• WORK TO COMPLETE: Only the pictures are to be left out; return the rest of the data exactly as it stands.

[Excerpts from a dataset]
+ + +

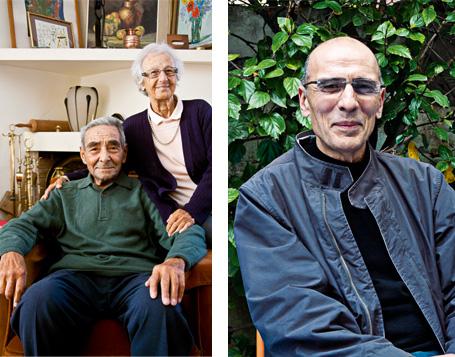 <p>Avril 2012, Emile et Marcelle Sebban et Sion Assidon. © Zara Samiry / Vu pour Télérama</p>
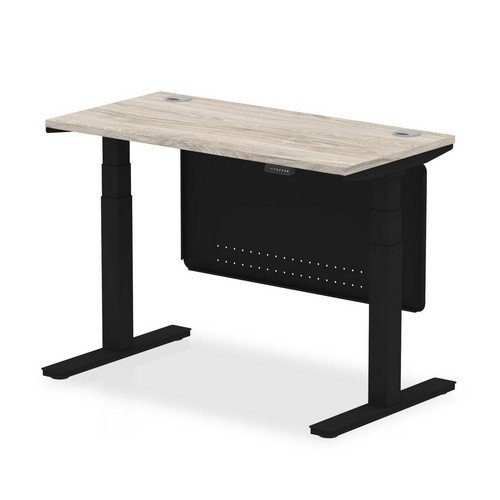 Air 1200 x 600mm Height Office Desk Grey Oak Top Cable Ports Black Leg With Black Steel Panel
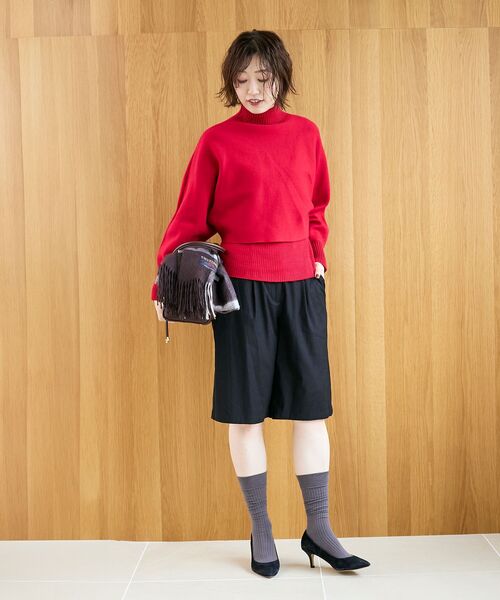 le.coeur blanc(ルクールブラン)の「タックデザインハーフパンツ(その他パンツ・レディース・キャメル/ブラック・38)」の10枚目の写真
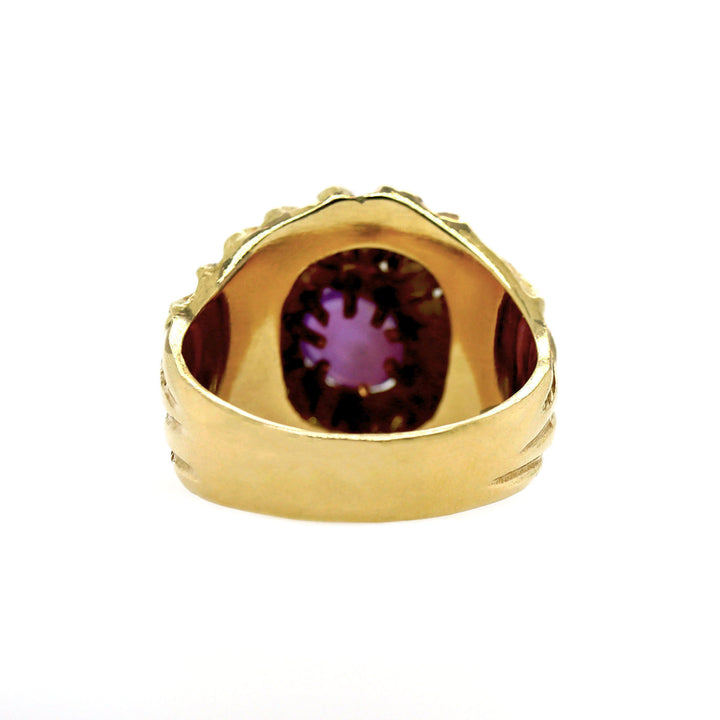 18CT Yellow Gold Star Ruby And Diamond Cocktail Ring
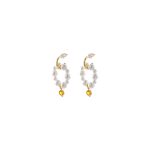 Σκουλαρίκια La Dolce Vita ασημένια επίχρυσα με λευκές πέρλες και champagne ζιργκόν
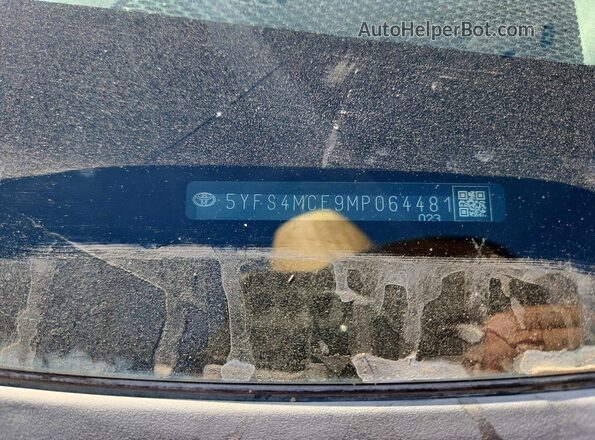 5YFS4MCE9MP064481 2021 TOYOTA COROLLA Черный Вид наклейки с VIN-кодом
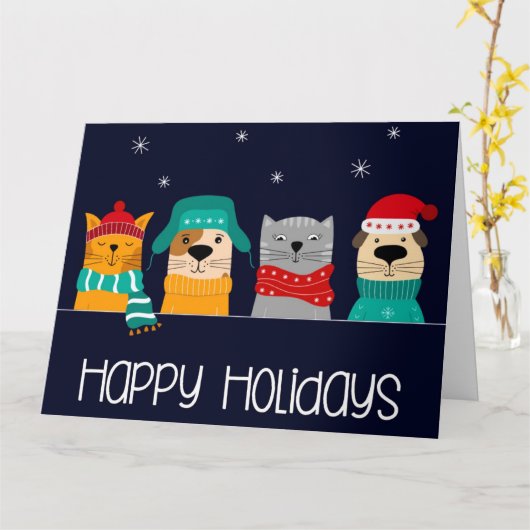 Pet Business Kerstfeestdag Kaart (Gele Bloem)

+ + +

• TASK RESPONSE:
 <p>Avril 2012, Emile et Marcelle Sebban et Sion Assidon. © Zara Samiry / Vu pour Télérama</p>
 Air 1200 x 600mm Height Office Desk Grey Oak Top Cable Ports Black Leg With Black Steel Panel
 le.coeur blanc(ルクールブラン)の「タックデザインハーフパンツ(その他パンツ・レディース・キャメル/ブラック・38)」の10枚目の写真
 18CT Yellow Gold Star Ruby And Diamond Cocktail Ring
 Σκουλαρίκια La Dolce Vita ασημένια επίχρυσα με λευκές πέρλες και champagne ζιργκόν
 5YFS4MCE9MP064481 2021 TOYOTA COROLLA Черный Вид наклейки с VIN-кодом
 Pet Business Kerstfeestdag Kaart (Gele Bloem)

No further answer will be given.